[RECORDS FOR THIS TASK]

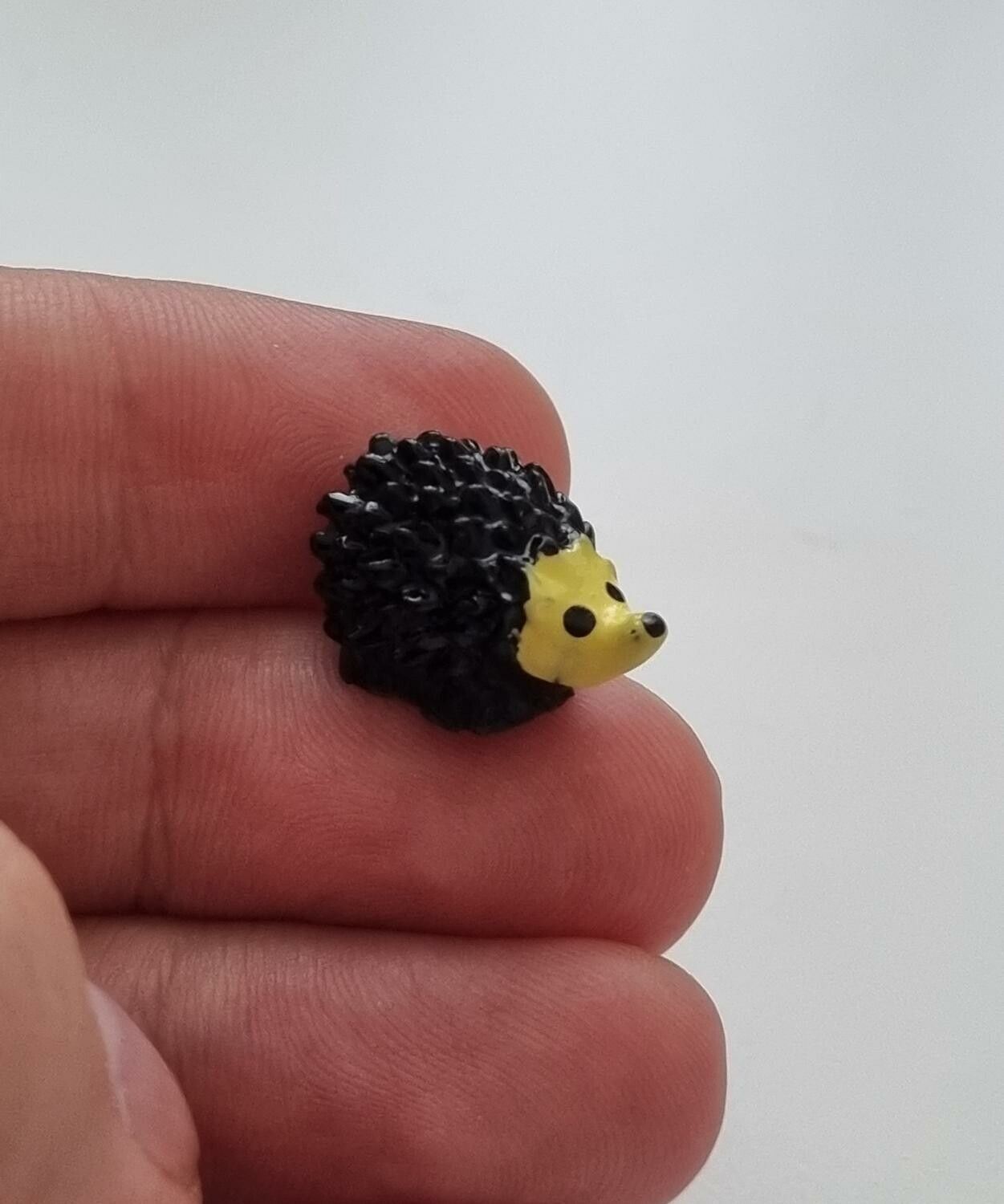 Handmålad igelkott, miniatyr för dekoration (1,1 cm hög)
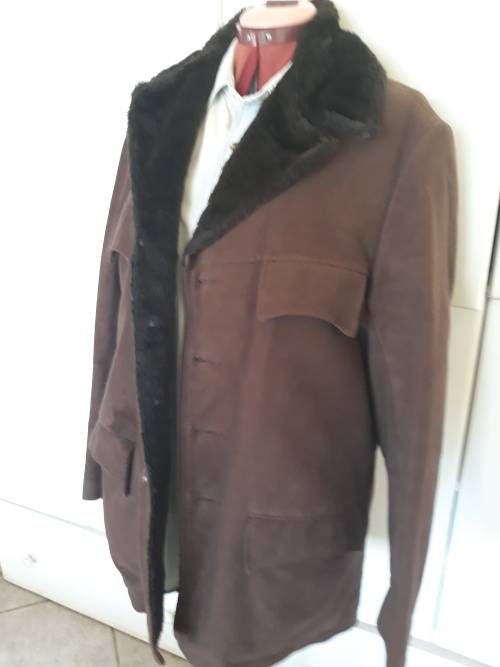 Mens Jacket \ Coat. size 38. Brown with Dark brown Faux Fur Collar.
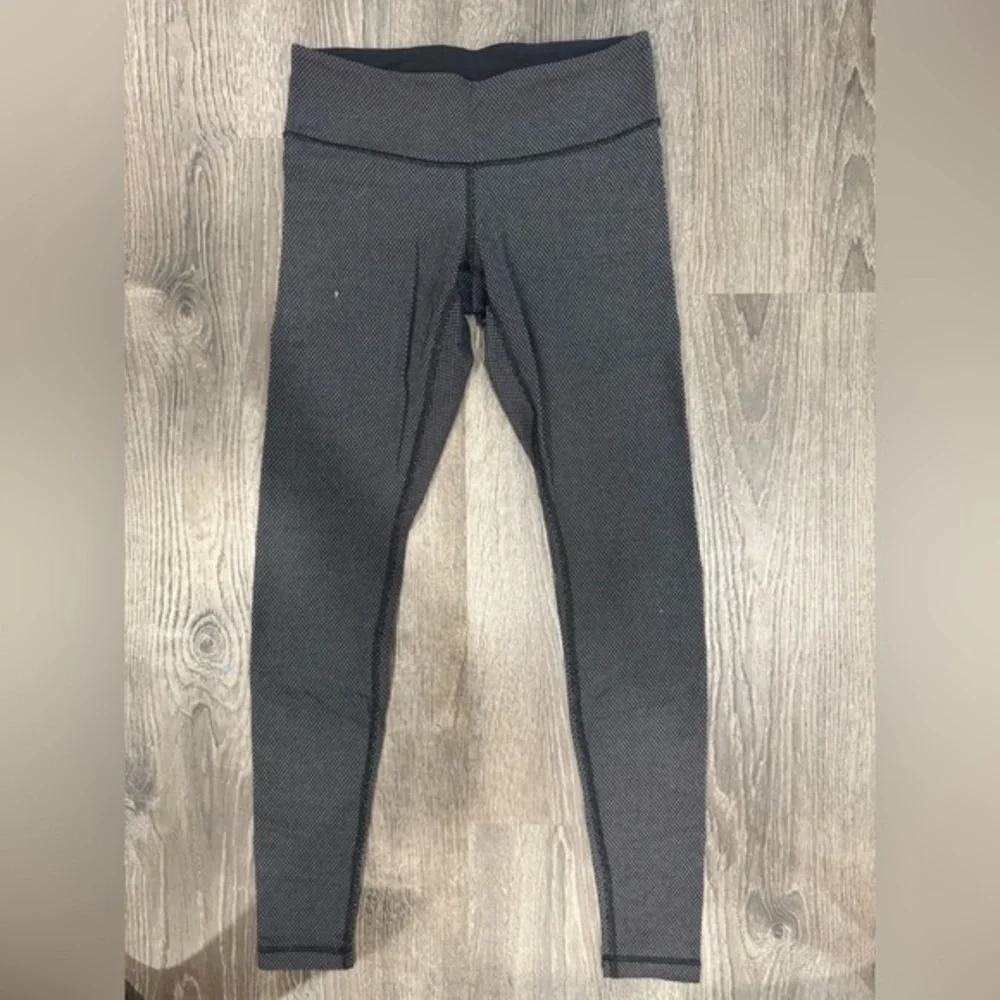 Lululemon Athletica Black Leggings Streamlined Fit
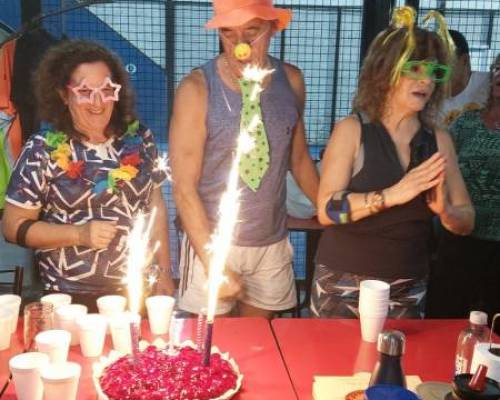 32982 6 ** JUGAMOS AL PADDLE **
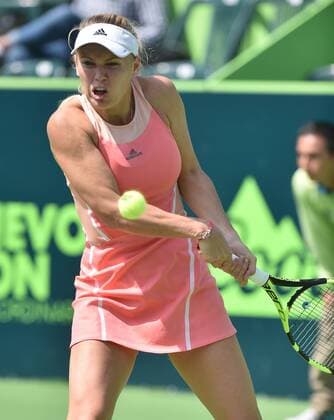 Danish tennis player Caroline Wozniacki in action before Belorussian Olga Govortsova during a Mexico Tennis Open third journey match held at Monterrey, Mexico, 02 March 2016. MOTERREY TENNIS OPEN !ACHTUNG: NUR REDAKTIONELLE NUTZUNG!  MON20 20160302-635925542240055692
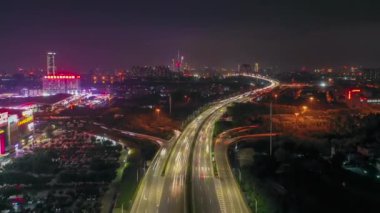 Guangzhou 'nun 2019-20 yıllarındaki modern şehir manzarasının gecikmiş hava fotoğrafları arasında köprüler, rıhtımlar ve binalar da yer alıyor..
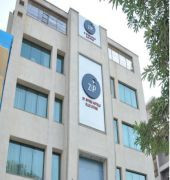 زیپ بای اسپری هتل بلوستون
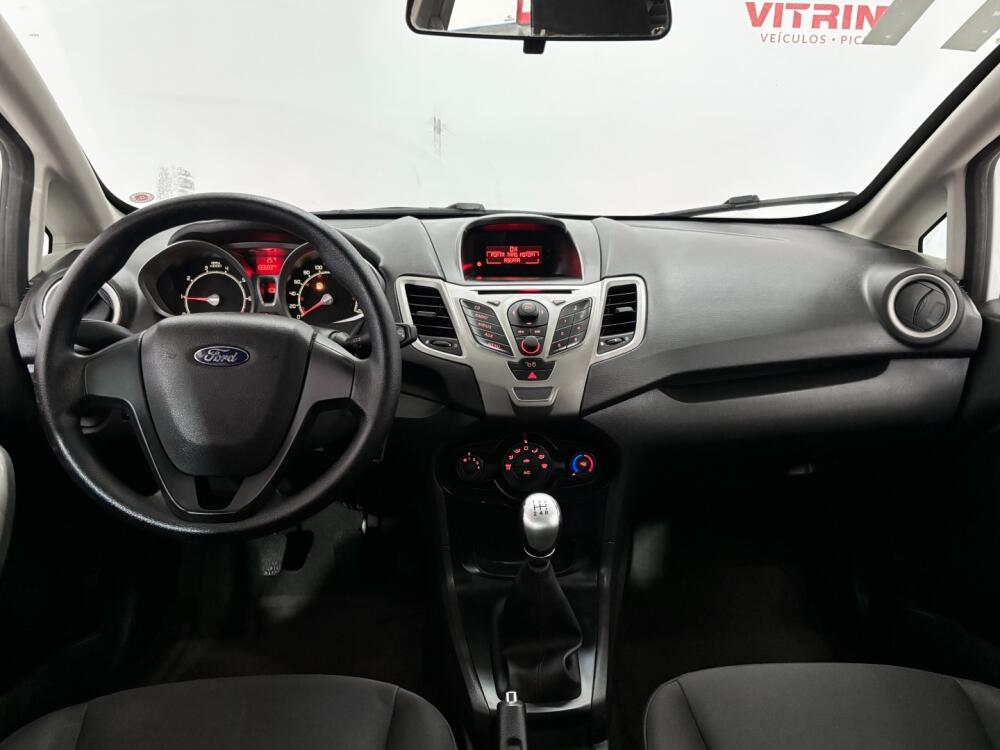 Ford Fiesta Sedan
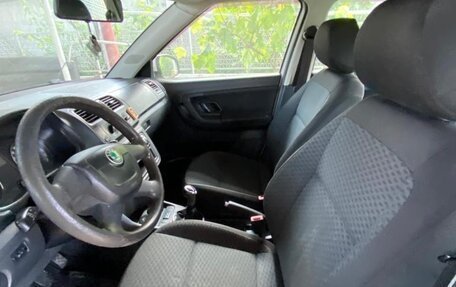 Skoda Fabia II, 2011 год, 650 000 рублей, 11 фотография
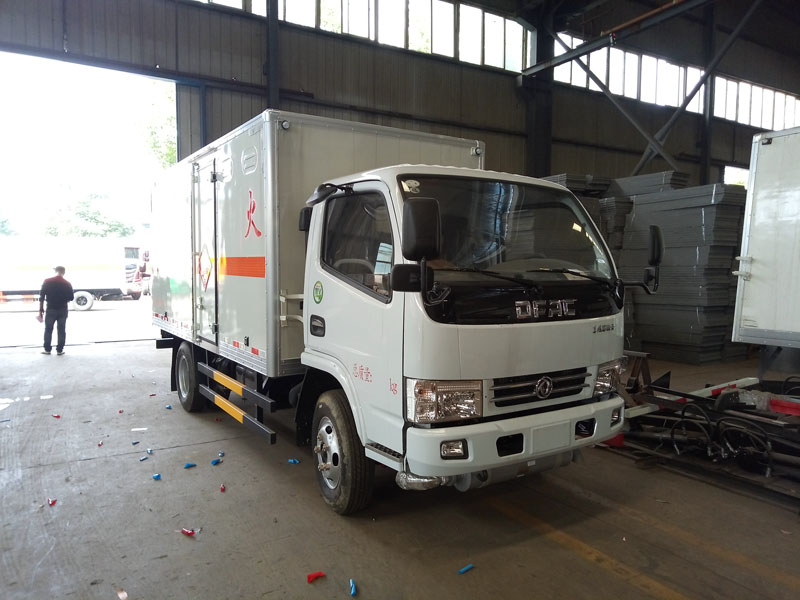 多利卡4.1米(藍牌)氣體廂式車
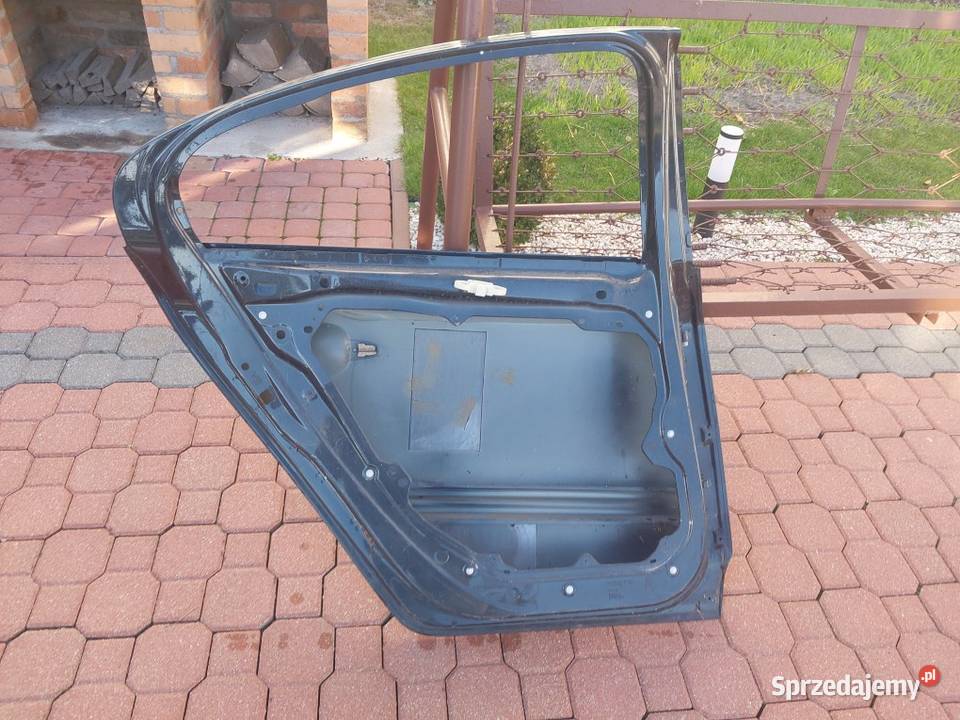 Volvo S60 2011 Drzwi lewe tylne lekko uszkodzone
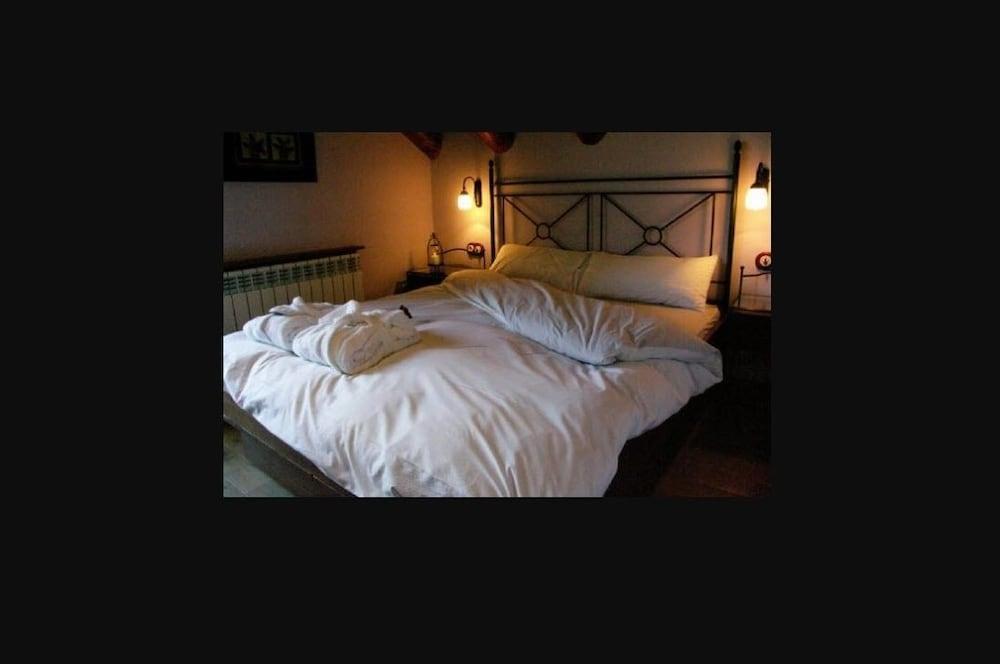 Hotel Rural El Mirador De Los Pirineos Santa Cruz de la Serós 外观 照片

[/RECORDS FOR THIS TASK]

WHAT IS EXPECTED:
Copy exactly the lines running from the line with "Volvo S60 2011" to the final line of the listing, keeping both ends and dropping any picture.

EXPECTED ANSWER:
 Volvo S60 2011 Drzwi lewe tylne lekko uszkodzone
 Hotel Rural El Mirador De Los Pirineos Santa Cruz de la Serós 外观 照片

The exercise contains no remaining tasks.